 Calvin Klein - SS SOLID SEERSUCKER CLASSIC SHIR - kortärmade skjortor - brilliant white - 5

...

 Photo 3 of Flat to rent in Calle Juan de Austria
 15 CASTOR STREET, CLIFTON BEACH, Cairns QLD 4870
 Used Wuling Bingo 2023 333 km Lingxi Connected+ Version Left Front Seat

- _Problem requirements_
Please give back exactly the lines of this listing beginning at the line with "15 CASTOR STREET, CLIFTON" and ending with the line with "Used Wuling Bingo", both included, and nothing else.

- _Response for this exercise_
 15 CASTOR STREET, CLIFTON BEACH, Cairns QLD 4870
 Used Wuling Bingo 2023 333 km Lingxi Connected+ Version Left Front Seat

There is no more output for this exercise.